Nel giugno 2013 Liam Gallagher, in conferenza stampa a Milano, aveva risposto in modo colorito alle frecciate che gli erano giunte da Robbie Williams riguardo a BE, il secondo album dei Beady Eye (leggi e guarda qui), all'epoca uscito da poche settimane.

Sette anni dopo Williams è tornato a parlare di Beady Eye e di fratelli Gallagher e lo ha fatto durante la chiacchierata per il podcast Bought the T-Shirt con Chris Thrall, che ha interrogato la pop star sull'idea degli Oasis di sfondare in America

"Innanzitutto gli Oasis hanno avuto una carriera decente in America, non una carriera enorme", ha detto Robbie, per poi aggiungere: "Non è vero che Noel è molto popolare in America, ha solo fatto bene. E Liam non è una delle più grandi stelle nel mondo".

"Passiamo a Liam. Liam ha fatto i Beady Eye e onestamente le canzoni non erano molto buone. L'idea e il concept di tutta quella cosa non erano molto buoni e so che abbiamo avuto degli attriti e tutta quella faccenda, ma in modo imparziale ... perché li pomperei in un momento ...".

"Liam ha fatto la propria carriera da solista e penso che la gente volesse vederlo fare il solista. Il disco è stato migliore. Ha lavorato con autori come si deve, che fanno quella cosa di mestiere, gente che modella versi, ritornelli, inframmezzi molto bene. Scrive ottimi testi, compone ottime melodie ed è la voce di una generazione".

"Il fatto con Liam è che qualunque cosa faccia, se cura ogni aspetto come si deve, la gente lo vuole ancora di più e questa è la verità".

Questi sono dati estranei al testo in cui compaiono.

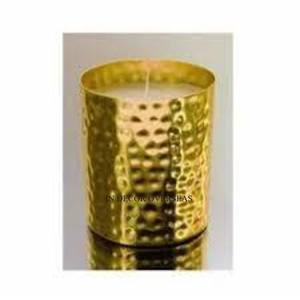 Tarro de vela de lujo de Metal de alta calidad chapado en oro de alta calidad de forma redonda con tapa superior de diseñador de flores con acabado antiguo de cobre - Product Image 5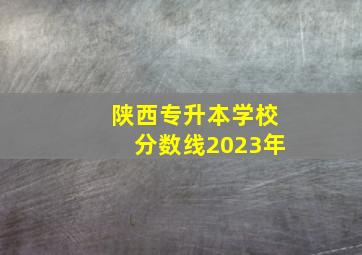 陕西专升本学校分数线2023年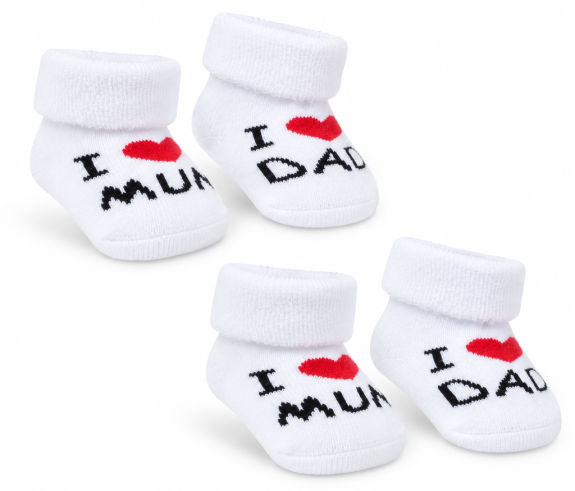Biele dojčenské froté ponožky Mum & Dad 2 páry 0 - 3 m Baby Nellys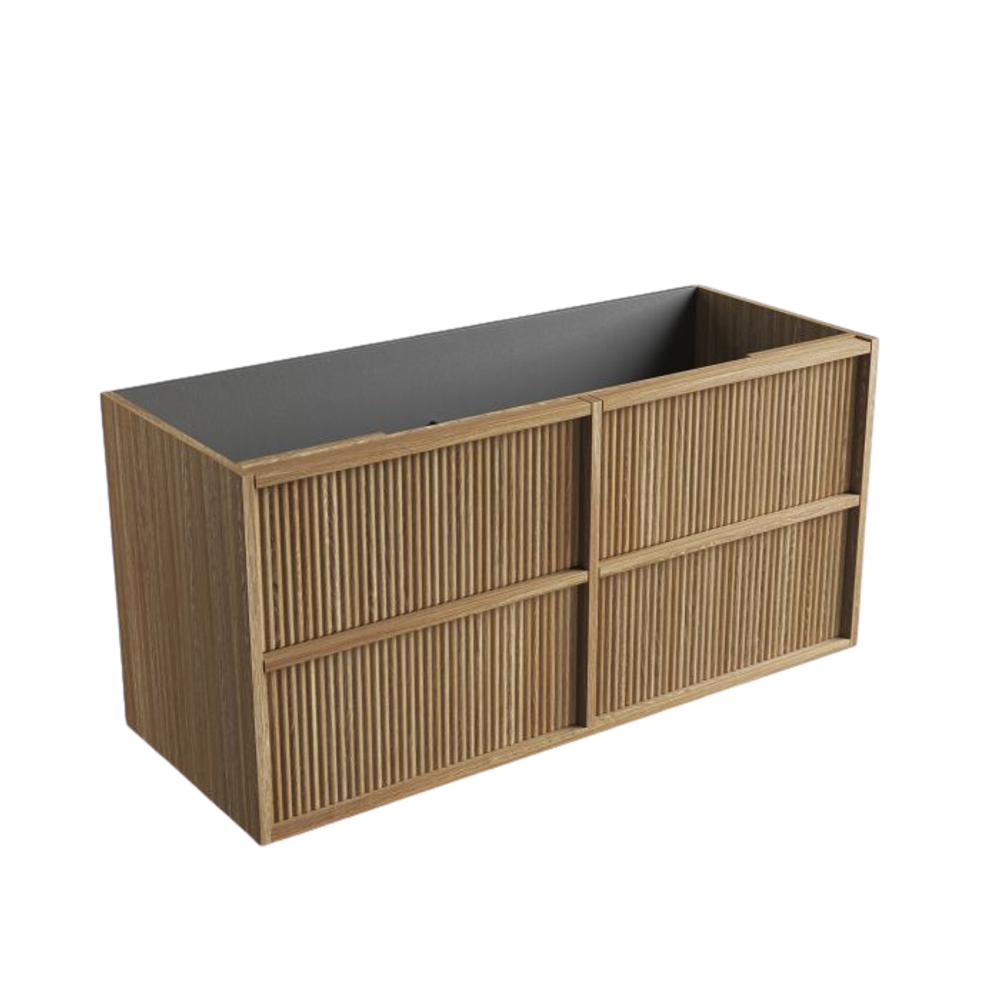 Aulic Venetta Fluted Framed Wall Hung 1200mm Vanity Harvest Oak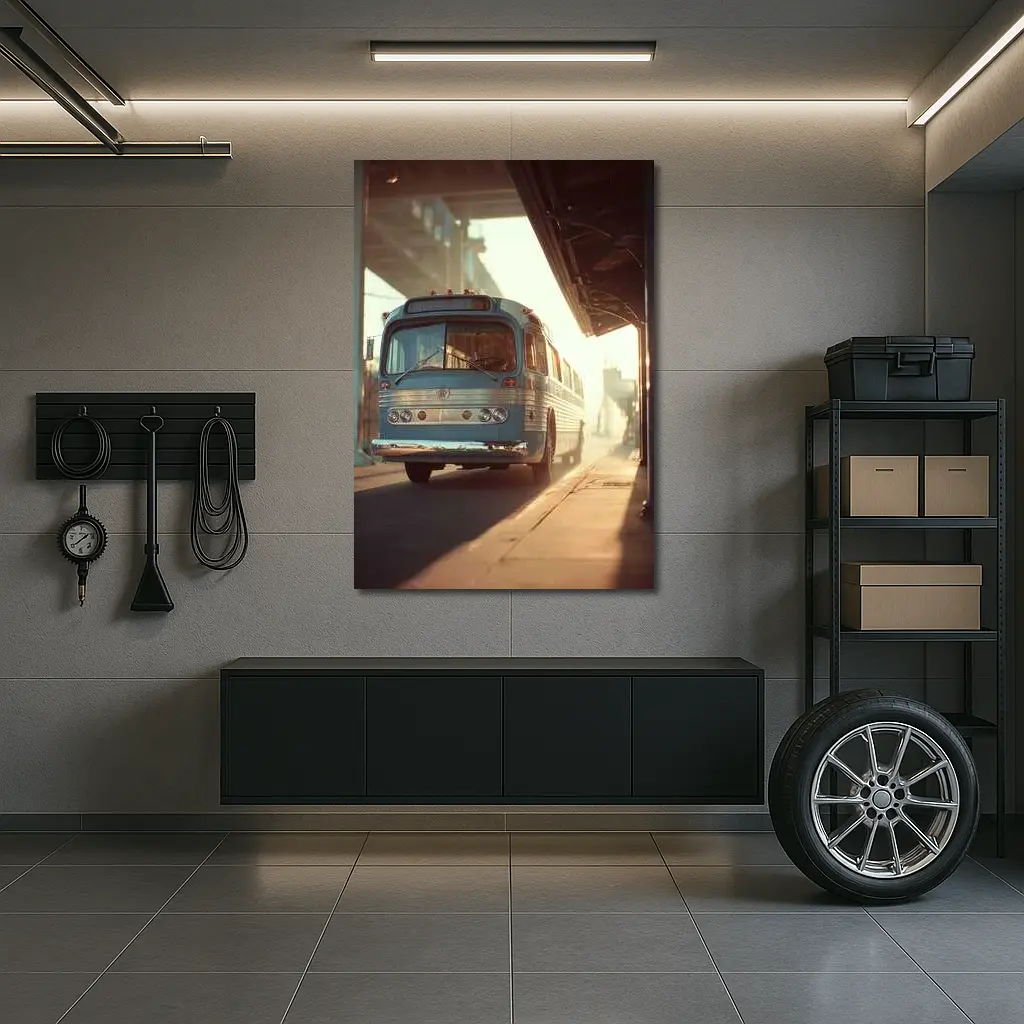 Vintage Blue Bus Urban Street Hazy Morning – Wall Art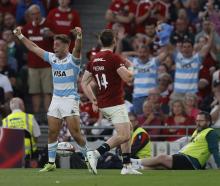 Argentina's Santiago Cordero celebrates scoring a try against the Lions. Photo: Reuters
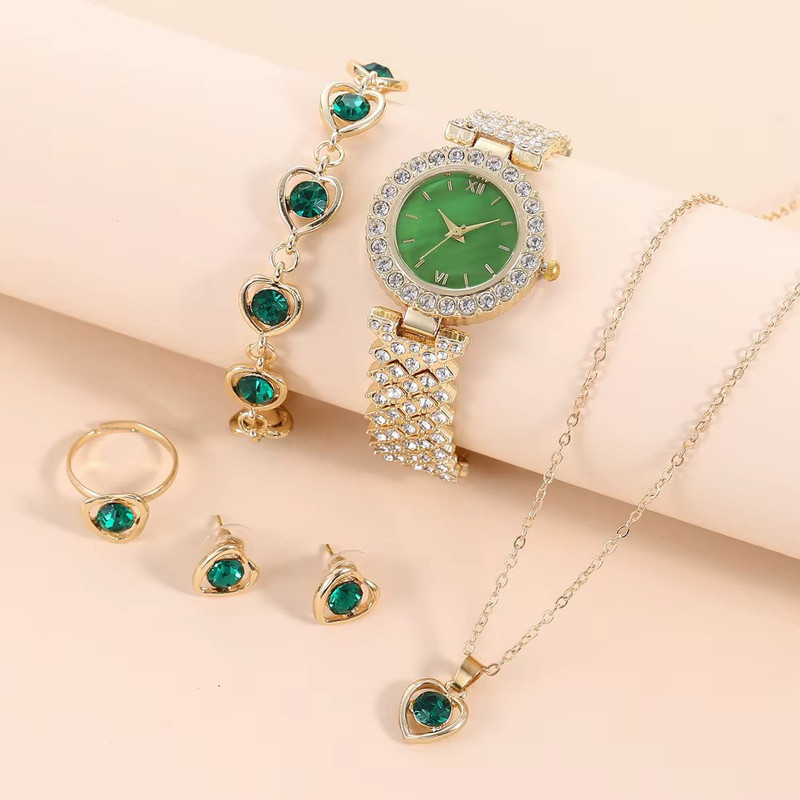 ست ساعت مچی عقربه‌ای کوارتز و ست زیورآلات زنانه مدل 439-3 G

"Dato che è una personalità incredibile e ha un sacco di carisma, si comporta in un modo in cui tu vorresti comportarti se avessi la possibilità di essere una rock star. Sta realizzando il tuo sogno e lo sta facendo in modo eccellente, e lo ha sempre fatto".

Anche di recente Robbie ha manifestato la propria stima per Liam, cantando For What It's Worth e Wonderwall durante alcune dirette su Instagram.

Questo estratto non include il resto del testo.